¡Vivan las cadenas!
"En la época de la Monarquía absoluta se creía en la eficacia del miedo. Gobernar atemorizando, gobernar castigando. He ahí la tentación y la tendencia acaso inexorable de todo poder fuerte". En la era de las democracias, a esa observación formulada por Francisco Tomás y Valiente habría que sumar otra: cuando sobrevienen tiempos de crisis, las medidas represivas dan votos. Ambas líneas de argumentación convergen a la hora de explicar las medidas anunciadas por José María Aznar en el orden penal, con un espectacular endurecimiento de las penas y con el anuncio de que las mismas habrían de cumplirse integralmente en los delitos de terrorismo. Lo cierto es que la conveniencia de una reforma en la legislación penal escapaba a muy pocos. Una cosa es que existiera una serie de circunstancias que permitiesen reducciones en el tiempo y alivios en la forma de cumplimiento de las penas y otra bien diferente que éstas parecieran muchas veces reproducir el espectáculo de la inflación del marco en la República de Weimar: condenas de siglos para cumplimientos efectivos mínimos. Resulta lógico que la opinión pública fuese especialmente sensible cuando por efecto de la liberación prematura un terrorista se reinsertaba, pero volviendo a la banda para cometer atentados mortales. Un reajuste en este terreno hubiese sido sólo la respuesta a las condiciones específicas de este tipo de actuación delictiva.

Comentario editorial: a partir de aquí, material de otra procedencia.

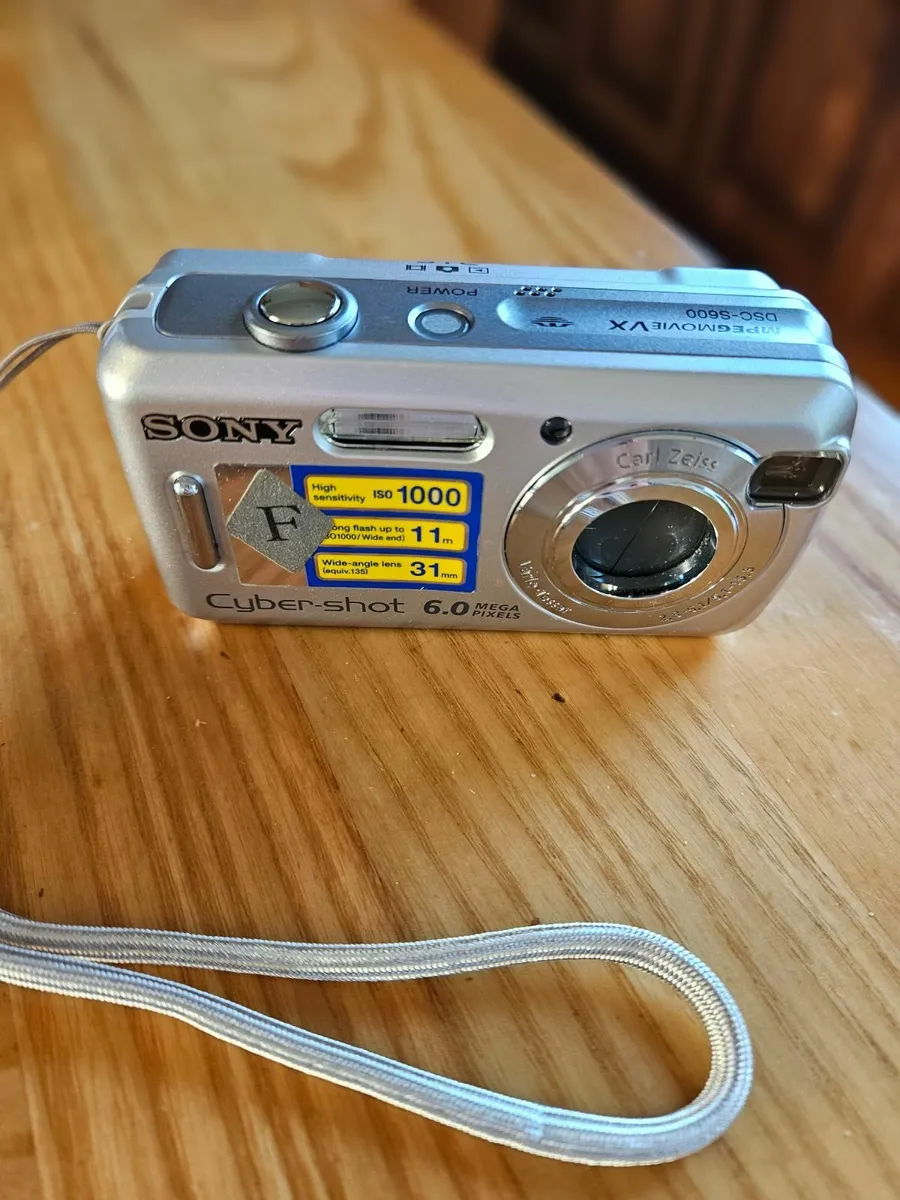 Sony digital camera - Image 3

Ahora bien, por los datos que proporcionan Aznar y Michavila, las reformas previstas van más allá y tienen otro significado. Como ya ha sido escrito, la elevación a 40 años del tiempo de condena supone un retroceso en la tendencia a la humanización que venía caracterizando a la evolución histórica de nuestro derecho penal, siendo en la práctica una cadena perpetua encubierta. El problema no era en el tema ETA que el máximo de 30 años fuese insuficiente, sino que no se cumplía ni siquiera en los casos de los peores criminales del terror. No es, pues, una reforma inspirada en la búsqueda de la justicia para el castigo, sino en el valor del castigo mismo, creyendo que éste ejerce de por sí una acción preventiva de acuerdo con esa falsa idea de "la eficacia del miedo", propia antaño de regímenes absolutistas y hoy de mentalidades reaccionarias. Un "¡Vivan las cadenas!", en el doble sentido de visión apologética de la pena en sí misma, como la de aquel defensor de la tortura que veía en las cárceles la presencia de Dios, y de nostalgia por ese orden armónico del pasado en que regía sin límites la voluntad punitiva del poder. Las palabras de Aznar lo revelan: en contra de sus afirmaciones, lo malo es que un etarra excarcelado reincida; el hecho de que tras cumplir la pena se pasee por su pueblo sólo puede irritar a quien esté poseído de un espíritu de venganza.
La misma desviación afecta a la reducción de penas por arrepentimiento, que ahora se volverá prácticamente imposible, ya que supone una exigencia de "cooperación activa" que recuerda aquella figura del Tempranillo en el filme de Carlos Saura, obligado a ejercer de guía de la tropa real en la persecución de su antigua partida. Bien está favorecer la figura del pentito, pero sólo desde un peligroso acercamiento a la ley del Talión puede entenderse el menosprecio por Aznar del valor político de un arrepentimiento contra el que ETA viene luchando desde siempre.
Y queda la última sospecha fundada, por el momento y la forma en que se anuncia la reforma: por parte de Aznar, se trataría de dar un golpe de efecto para invertir la tendencia a la baja en las expectativas del voto del PP tras el asunto del Prestige. ¿Por qué si no anunciar las reformas prescindiendo del Pacto Antiterrorista, que hubiese sido el marco lógico de su elaboración consensuada? Los asesores de Aznar conocen bien el peso que el tema de la inseguridad tuvo, primero en el ascenso de Le Pen y en la derrota de Jospin, y ahora en la popularidad de un ministro de mano fuerte contra el delito y los inmigrantes, como es Sarkozy. Al importar el efecto Sarkozy, Aznar cobra cada vez más el aspecto de un pequeño Bush, haciendo de la ejemplaridad del castigo su baza política fundamental, y de paso logra que Zapatero se vea atrapado: o secunda el endurecimiento como subalterno suyo o se opone y lo paga en las urnas. Parece haber optado por lo primero. ¿Cree de verdad que esa propuesta va a ser eficaz, y sobre todo, que es justa? Por encima de todo, el problema no reside en las condenas a los etarras, sino en el plan Ibarretxe.